Aleksey Navalny, figure de l'opposition à Vladimir Poutine, a été condamné à trois ans et demi de prison avec sursis et son frère Oleg à la même peine, mais ferme, pour blanchiment d'argent et escroquerie en 2014.
La justice russe reprochait notamment aux deux frères de ne "pas avoir honoré les obligations contractuelles" liant en 2008 leur société à une filiale d'Yves Rocher, auparavant cliente de la Poste russe, pour le transport de colis, les accusant notamment de surfacturation.
Mais "les services qu'elle a fournis correspondaient à ceux qui étaient dans les contrats", a rappelé la CEDH. De plus, selon la Cour, "les juridiction nationales n'ont pas indiqué de méthode qui aurait permis d'identifier un +motif d'enrichissement personnel+ répréhensible".
La CEDH a soutenu que les frères Navalny avait été condamnés pour des actions qui, au moment où elles ont été commises, ne constituaient pas une infraction d'après le droit national russe.
"L'équité de la procédure pénale en a été compromise", a statué l'institution paneuropéenne. La CEDH a jugé que la condamnation avait violé le droit à un procès équitable des requérants et a condamné l'état russe à leur verser chacun 10.000 euros pour dommages moraux.
"Selon cette décision, Navalny a été traduit en justice illégalement, puisque les actions pour lesquelles il a été condamné ne sont pas des délits", a déclaré à l'agence de presse Interfax l'avocate de l'opposant, Olga Mikhaïlova. En conséquence, "la défense va demander à la Cour suprême de la Fédération russe non pas de revenir sur l'affaire, mais de l'annuler", a-t-elle annoncé.

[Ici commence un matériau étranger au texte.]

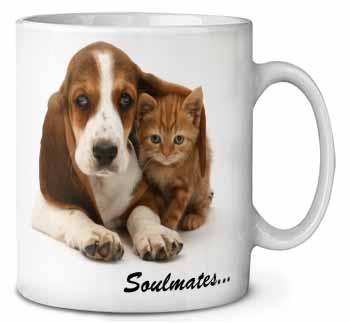 Basset Hound and Kitten 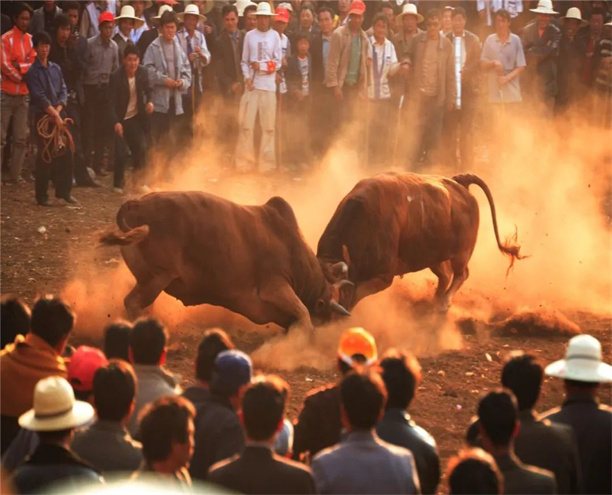 红河定制旅游；“旅游+”结硕果！弥勒可邑小镇入选“2022中国体育旅游精品项目”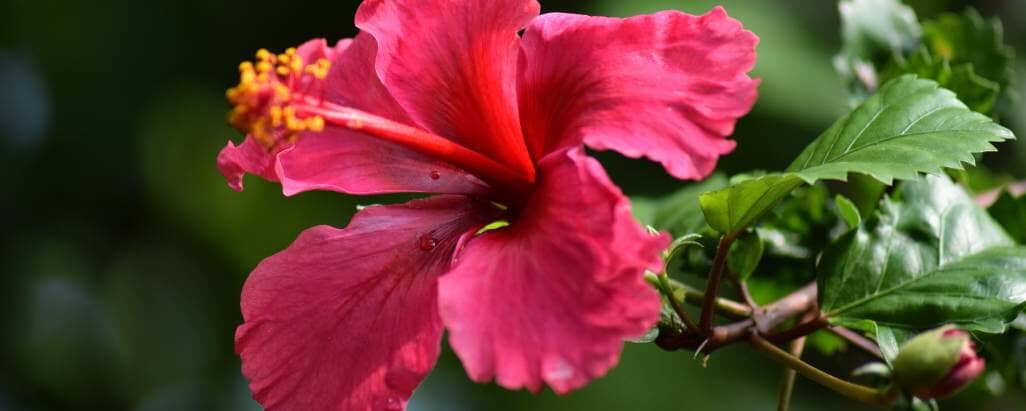 Hibiscus Super Flower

Aleksey Navalny et ses soutiens ont toujours nié les faits reprochés et dénoncé un procès motivé politiquement. Lui et son frère avaient saisi la cour en ce sens, mais la cour a déclaré que la plainte était irrecevable puisqu'il y avait déjà eu "violation du droit à un procès équitable".
"L'irrecevabilité de la plainte était évidente", a commenté le ministère de la Justice. "En même temps, on ne peut être d'accord avec la position du tribunal sur l'existence de violations de procédure", a ajouté le ministère qui fera savoir d'ici trois mois sa position sur un éventuel recours devant la haute chambre de la CEDH.
Principal opposant au Kremlin, Alexeï Navalny a été la cible de plusieurs agressions, dont le jet d'un liquide vert qui a requis un traitement ophtalmologique en Espagne, et de nombreuses poursuites judiciaires ayant visé, selon ses partisans, à entraver ses ambitions politiques.